The SF Funk Festival — the world’s only such event of its kind — is back for its third cosmic slop-filled year. And glory be to Bootzilla, the lineup has more heat than a red-hot mama from Louisiana. The funk begins to flow Wednesday at the Elbo Room, when local jazz-funksters Top Four Flights and crate-digger supreme DJ Cool Chris hold forth. Take a pause for the cause and return refreshed for Friday’s Great American Music Hall showcase, when Oakland’s funk-rock-jazz masters the Headhunters prove they’ve still got the groove, even without Herbie. Saturday, legendary party-rocker Grandmaster Flash headlines DJ Night at Mission Rock, plus DJs Riddm, Andrew Jervis, Greyboy, Zeph, Ren, Motion Potion, and Michael Erickson, spinning breakbeats until the daybreak. Come get your hardcore jollies on, until all your goodies are gone. (E.K.A.)

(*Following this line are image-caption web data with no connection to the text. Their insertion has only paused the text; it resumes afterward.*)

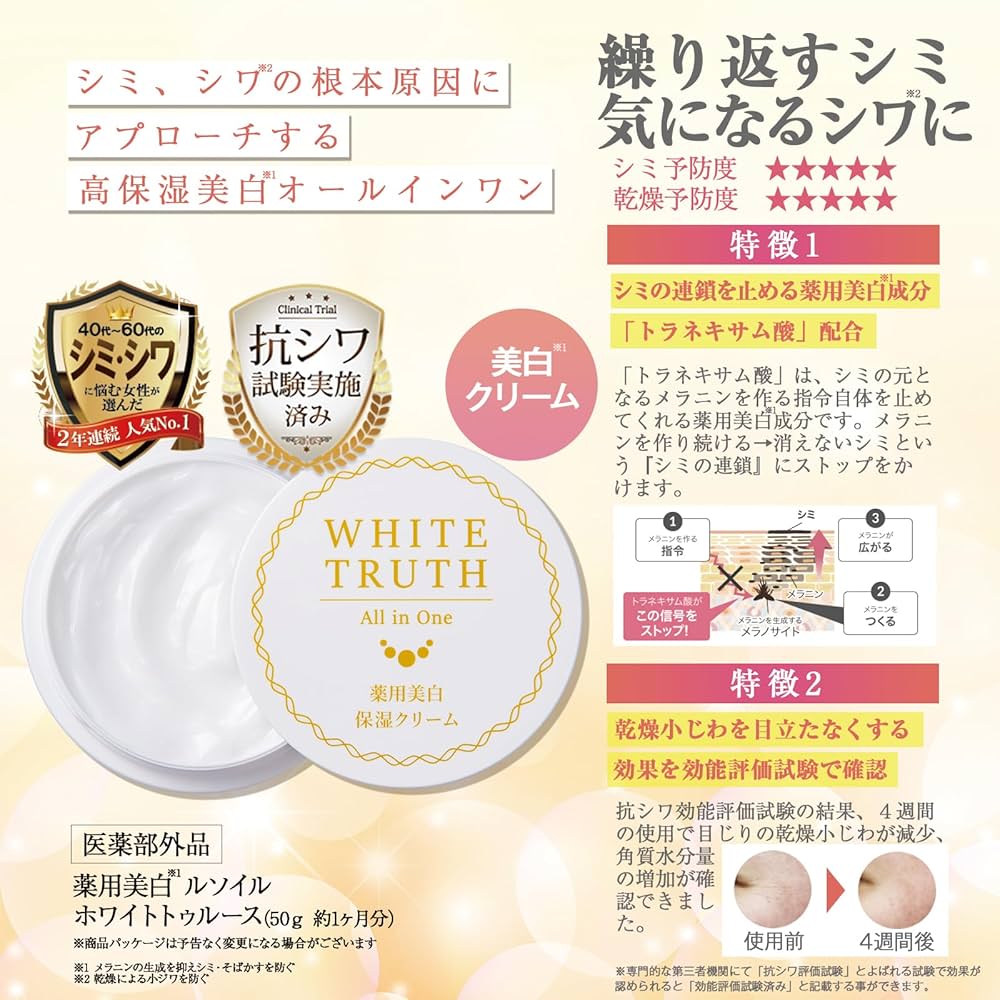 Amazon.co.jp: オールインワンクリーム 高保湿 【医薬部外品】 お試し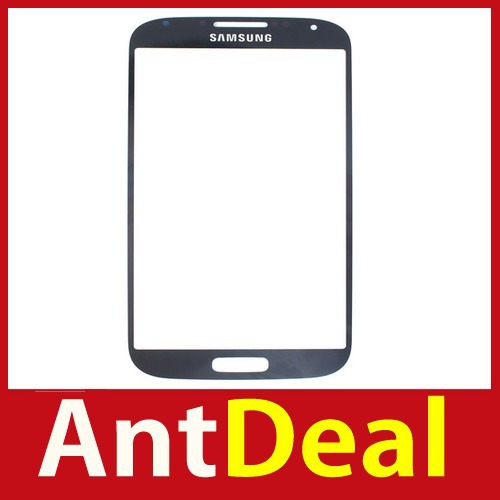upgrade AntDeal Replace LCD Outer Glass Lens Screen Parts for Samsung Galaxy S4 i9500 Blue 24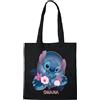 Disney Borsa unisex Bwdlilobb002, Nero, 38 x 40 cm, Utility
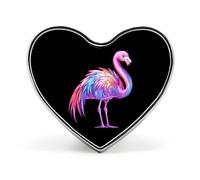 Transgender Flamingo Badge Heart Shape Cute Brooch Pins Button Badges for Backpack Jackets Hats Decor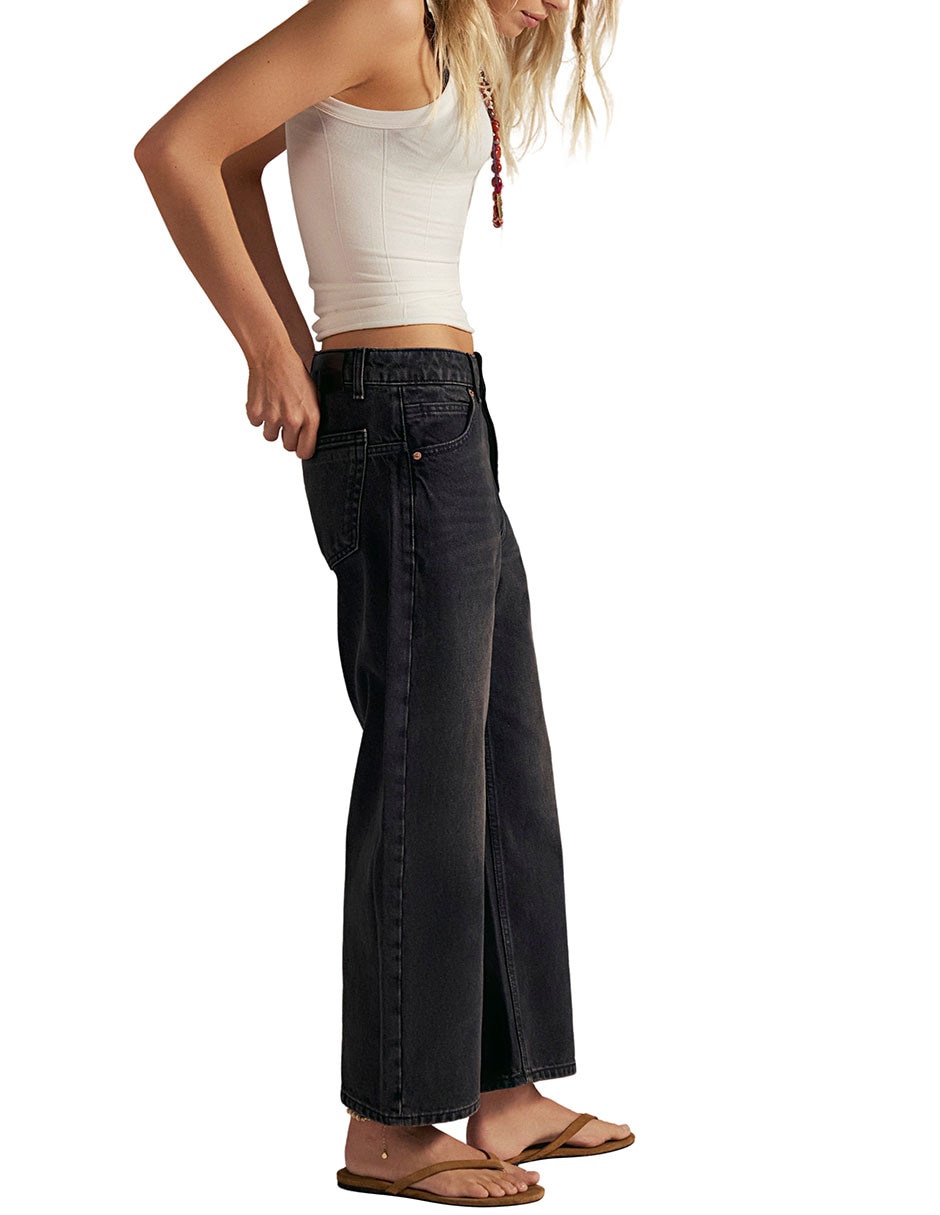 Jeans relaxed wide leg para mujer 12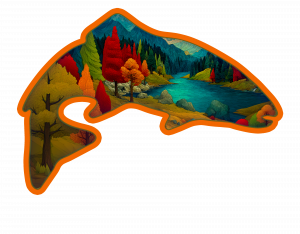 Fly Slaps Free Fall Trout Pattern Fish (Small 3")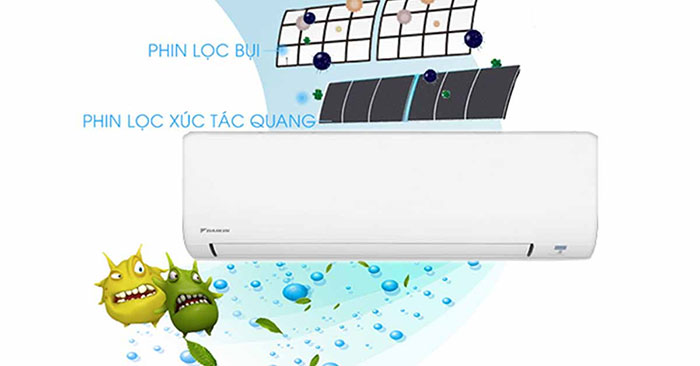 Điều Hòa Treo Tường Daikin 2 Chiều Inverter 24.000 BTU (FTXS71GVMV)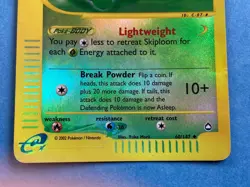 Pokemon Reverse Holo eReader Skiploom - Aquapolis – 60/147 – MP - Image 4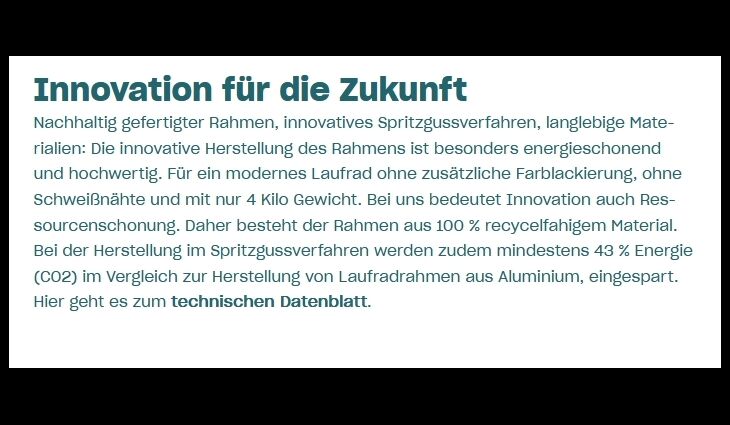 Affenzahn Laufrad Einhorn ab 1,5+ Jahre 85-110cm 3,9kg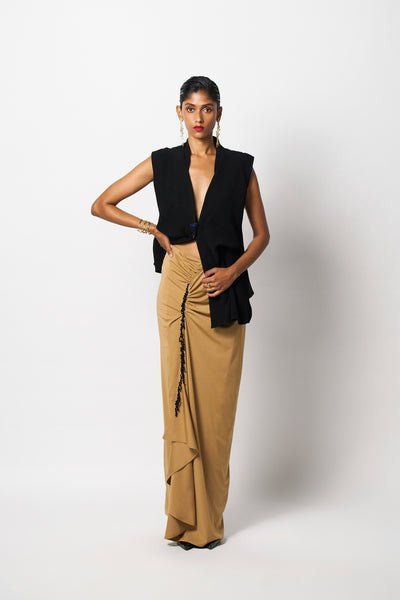 431-88 by Shweta Kapur Pecan Skirt Indian designer wear online shopping melange singapore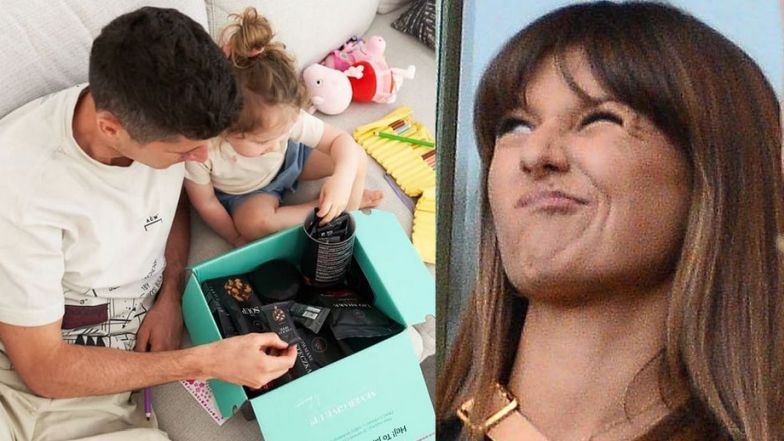 Klara Lewandowska chce ciastko pod choinkę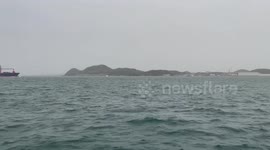 Hazy skies across Japan as yellow dust blows in from China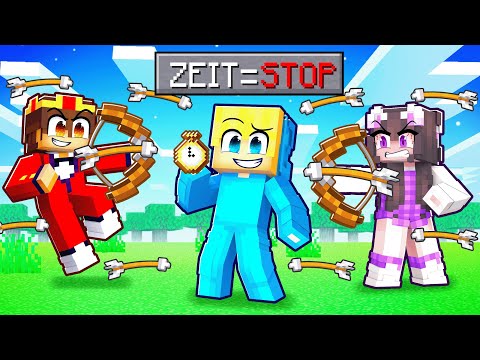 Sie VERFOLGEN mich, aber ich kann DIE ZEIT STOPPEN in Minecraft!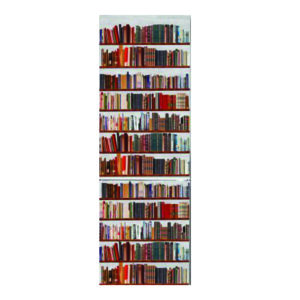 Autocolant pentru frigider, Model Library, Dimensiuni 200 x 90 cm, Design Vibrant, Autoadeziv - 2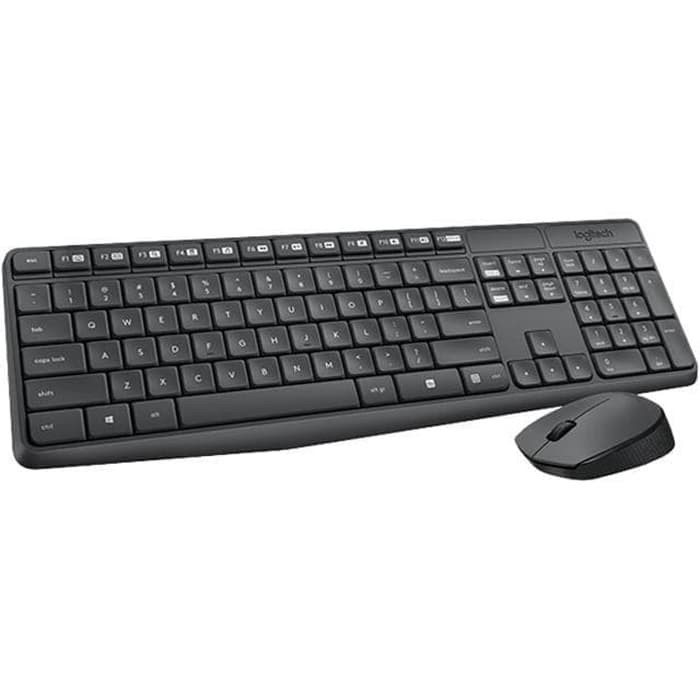 Keyboard mouse logitech wireless 2.4ghz optical 1000dpi on off membrane 104 keys fullsize combo 2in1 mk235 mk-235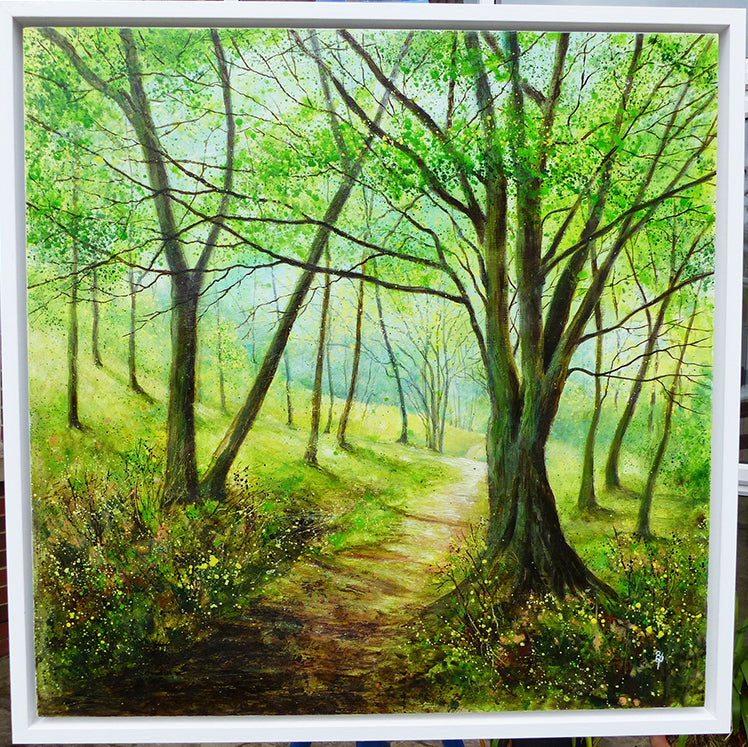 Forest Pathway - Mixed Media Painting - Beverley Perry Artist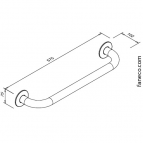 Faneco rokturis 575 mm 2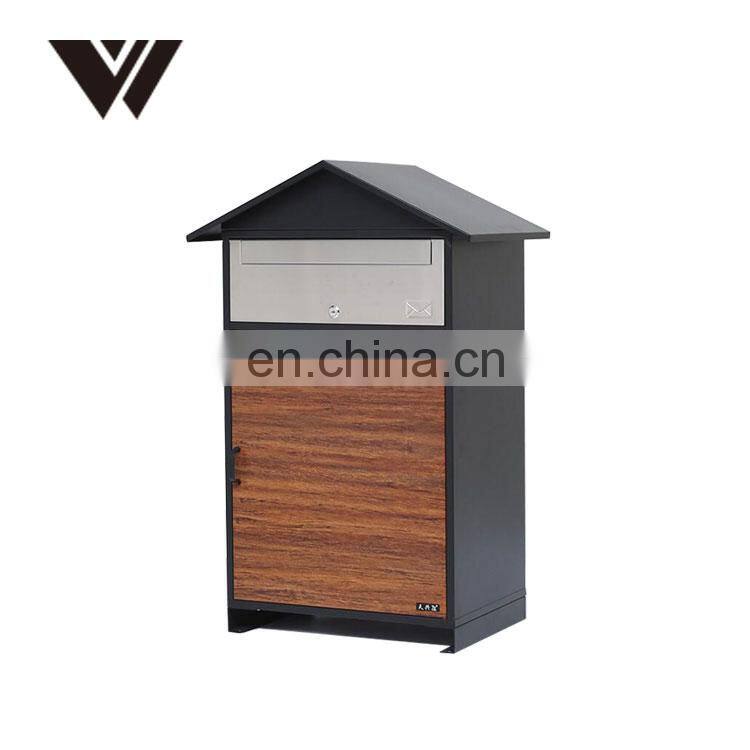 Home Outdoor Package Galvanized Steel Large Smart Parcel Delivery Mailbox Drop Post Mail Letter Box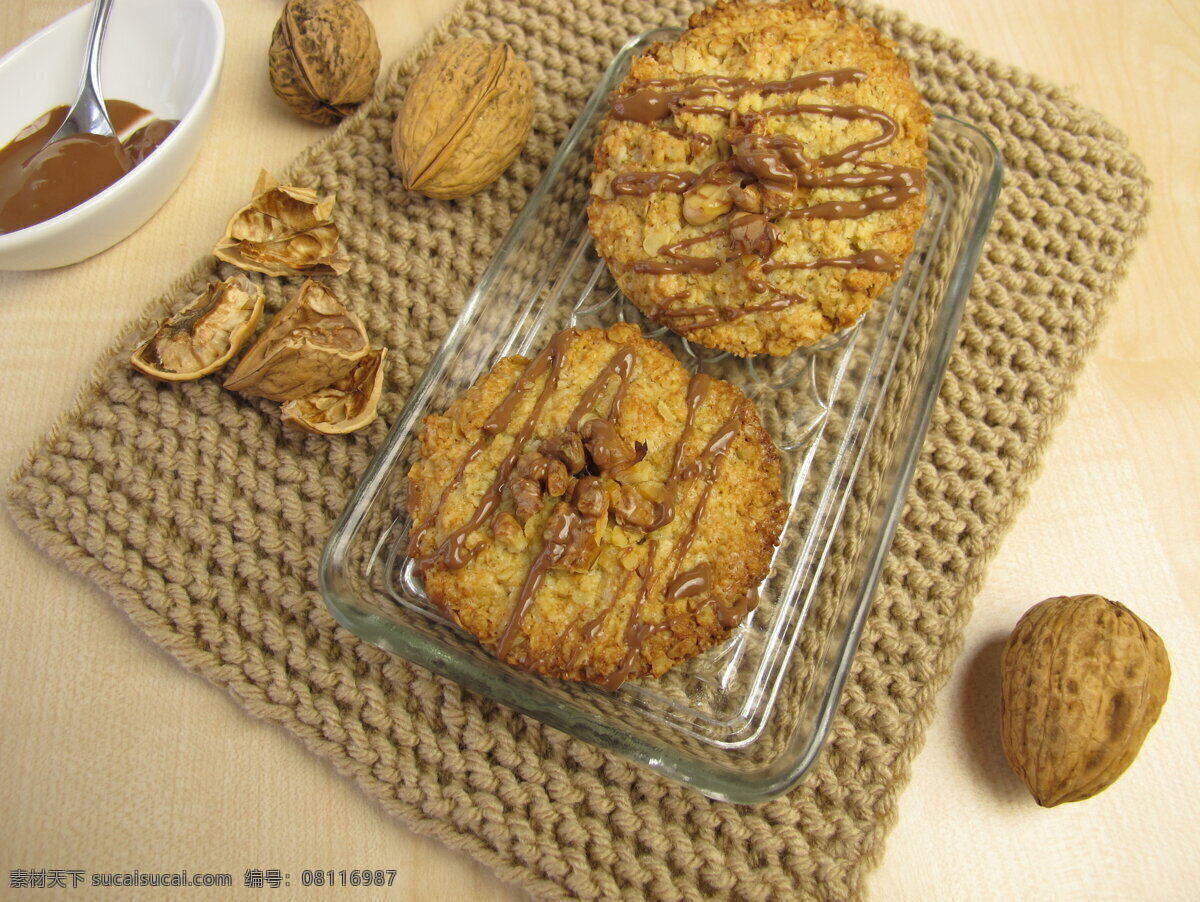 核桃 饼干 面包 西方面点 面粉 国外食品 点心 西方美食 餐饮美食 点心图片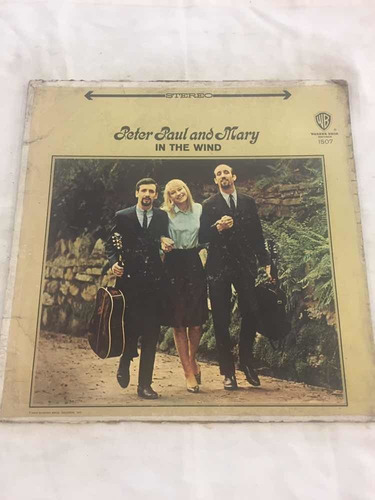 Peter Paul Anda Mary In The Wind Disco Vinilo Lp Tapa Sola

Bill Staines reckons he’s traveled over a million miles on a never-ending tour of one-nighters, making him a real troubadour. Although his songs have been covered by Nanci Griffith and Jerry Jeff Walker and he has just released his 23rd album, he remains almost unknown outside of folk music circles. A worthy successor to Woody Guthrie, Staines creates beautifully melodic songs about the real lives of real people are full of understanding and compassion. Monday at the Freight & Salvage. 510-548-1761. (j.p.)